Wollongong businessman Graeme Gulloch, who replaced Peter as Steelers Chairman, said Peter "epitomised everything that we value at the Steelers - caring, committed to the community, treating everyone as equals, giving people a 'family' to belong to and advocating for Wollongong and the Illawarra".
"The Steelers' history has been challenging and through those trying times and throughout his illness Peter always found an opportunity to have a good laugh and to look for positives," Mr Gulloch said. "His pragmatism, devotion, wit and mischievous sense of humour will be deeply missed by all of us associated with the Steelers Club - members, friends, staff and Board. We recognise the enormous contribution he made to our club, the club sector and to the local community."

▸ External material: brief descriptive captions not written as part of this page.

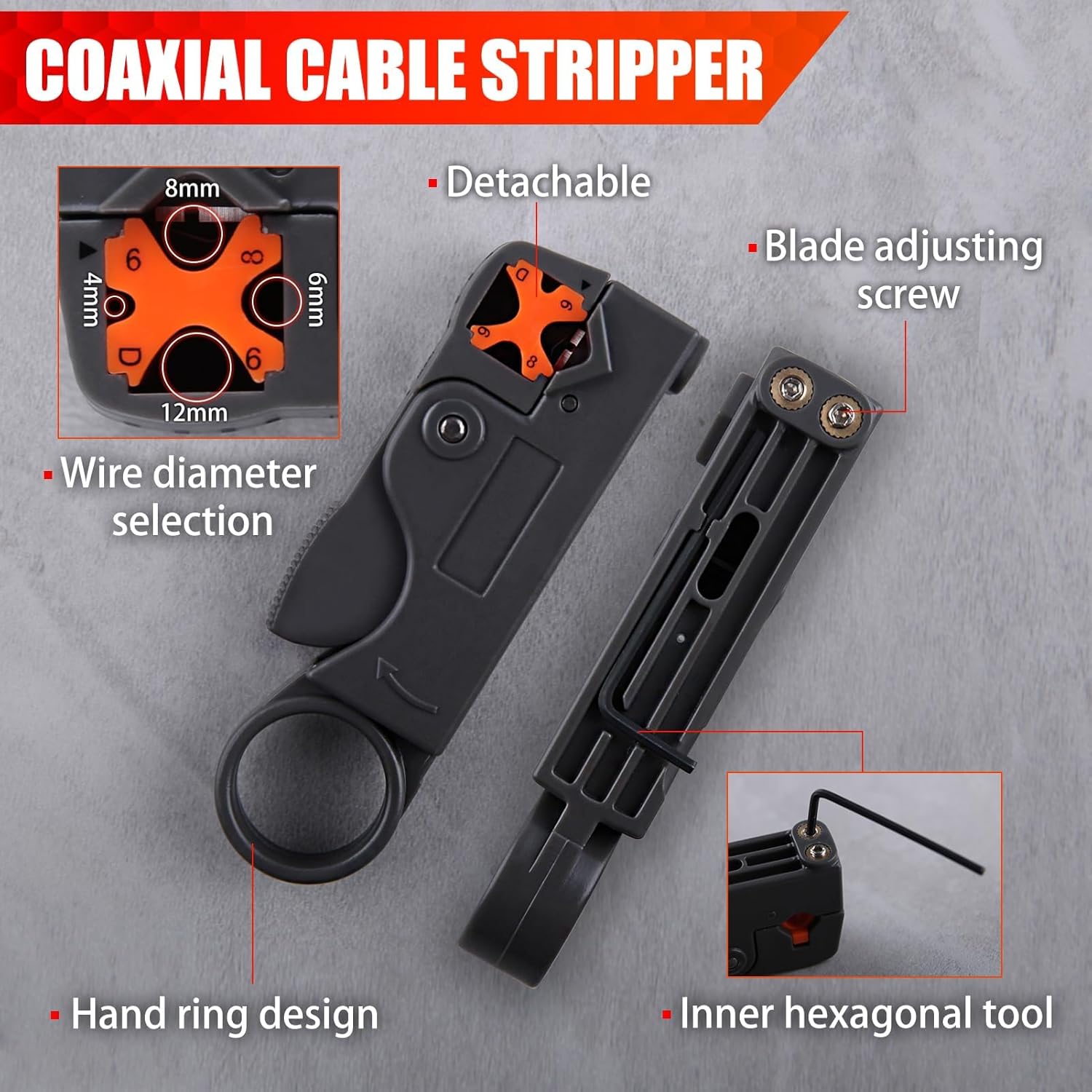 Coax Crimping Tool F Type Connector Compression Tool Set Coax Cable Crimper Tool Kit for RG6 RG-59 RG-58 with 20Pcs RG6 Coaxial Cable Connectors and a Adjustable Rotary Coaxial Cable Cutter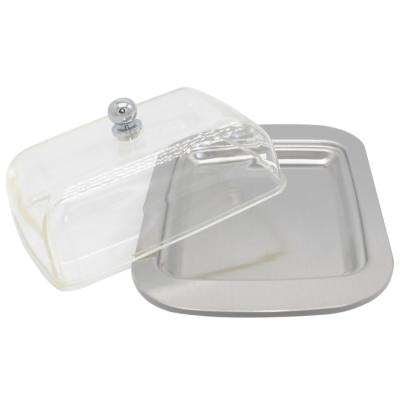 China Stocked Stainless Steel Butter Box With Lid Butter Loaf Box Dish With Acrylic Lid for sale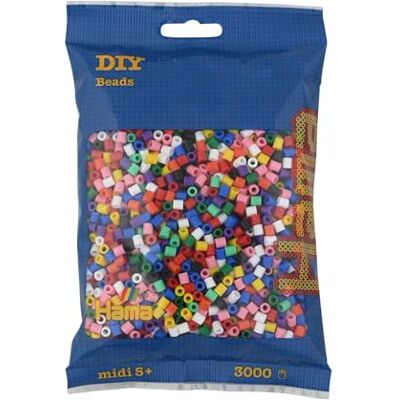Hama Perlen 201-00 stuks strijkkralen ca. 3.000 kleurrijke midi-kralen met een diameter van 5 mm in een mix van 10 kleuren, creatief plezier voor groot en klein Hama Perlen 201-00 stuks strijkkralen ca. 3.000 kleurrijke midi-kralen met een diameter van 5 mm in een mix van 10 kleuren, creatief plezier voor groot en klein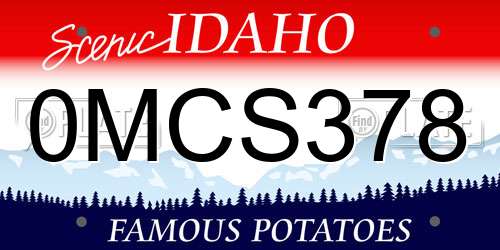 0MCS378 Idaho License Plate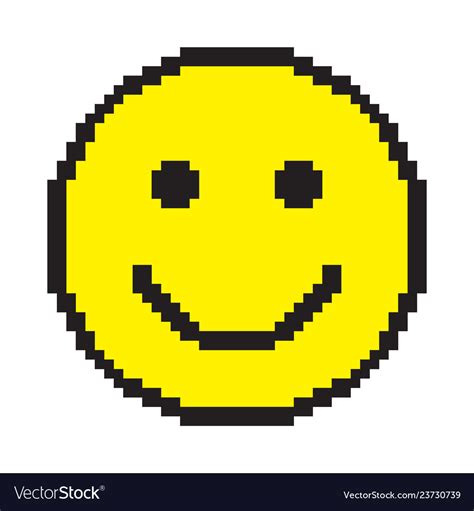 Smile Icon Happy Face Symbol Pixel Art Royalty Free Vector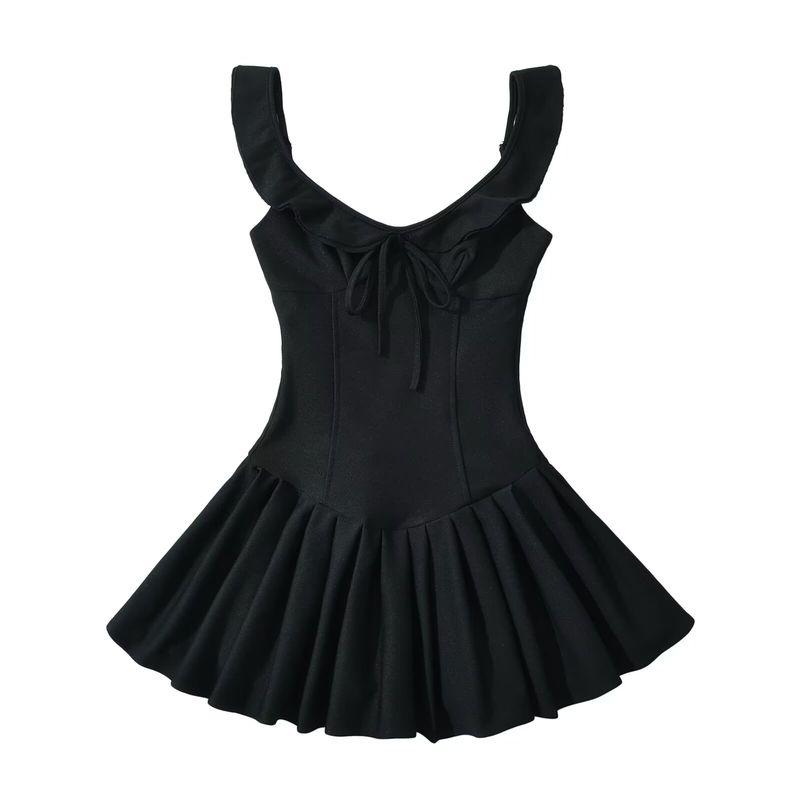 

Kaslead New Arrival Women s Clothing Fashion Style Fashion Casual High Elastic Knitting Wooden Ear Waist Umbrella Skirt Dress Black L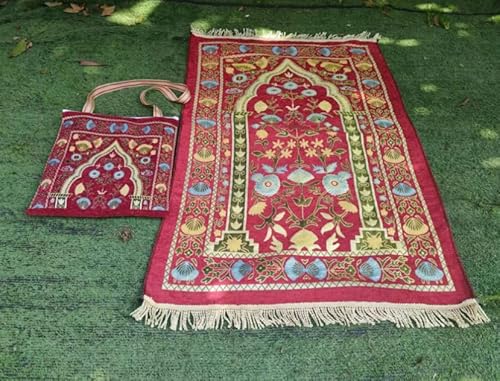 JIAHG Muslimischer Gebetsteppich Weiche islamischer Gebetsteppich Türkische Gebet Teppich Matte Islamische Geschenke Muslimische Ramadan-Teppich Islam Teppich (Rot, 70 * 110cm) von JIAHG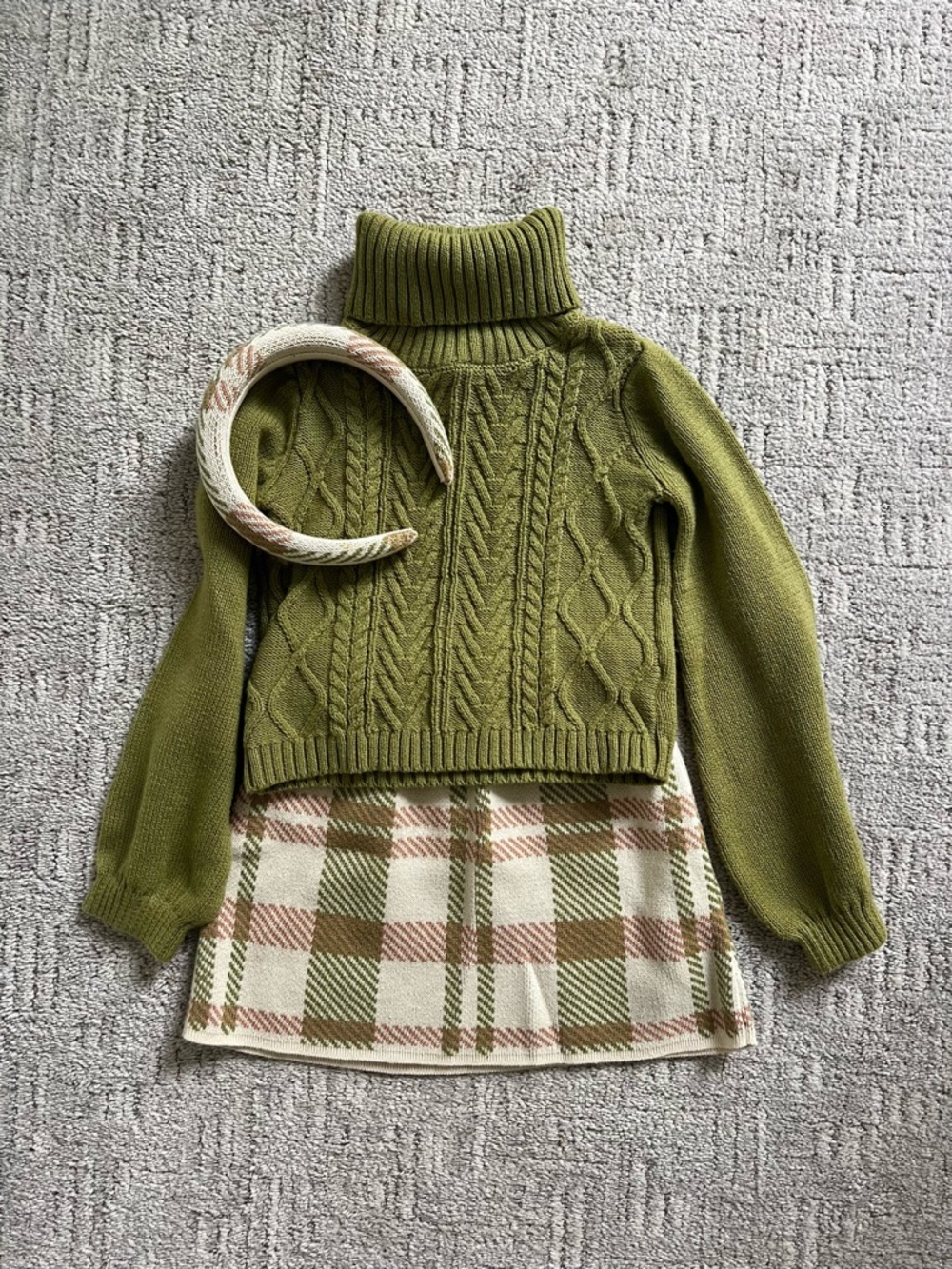 Olive Green Cable Knit Turtleneck Sweater and plaid skirt set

Peter had been bravely battling the blood cancers multiple myeloma and acute myeloid leukaemia for a number of years, with the help of his specialist (who became his great mate), haematologist Professor Peter Presgrave at Wollongong Hospital. Early this year his condition worsened.
Peter went home from hospital in February for palliative care, with weekly visits to Wollongong Hospital for an infusion of blood platelets. In typical fashion, Peter's great fighting spirit helped him defy the odds for much longer than he should have.
Sadly, his fight ended in the early hours of September 28.
Peter is survived by his wife Judy, children Karen, Steven, Robert and Kelly and their partners Leanne, Heather and Stephen, and 10 grandchildren.
He will be greatly missed by his family and all who were fortunate enough to work with him or call him a friend, and many others who have simply benefitted from his life of service.
Nick Hartgerink worked with Peter Newell at the Illawarra Mercury from 1977 until 2001. He was editor of the paper from 1995-2001.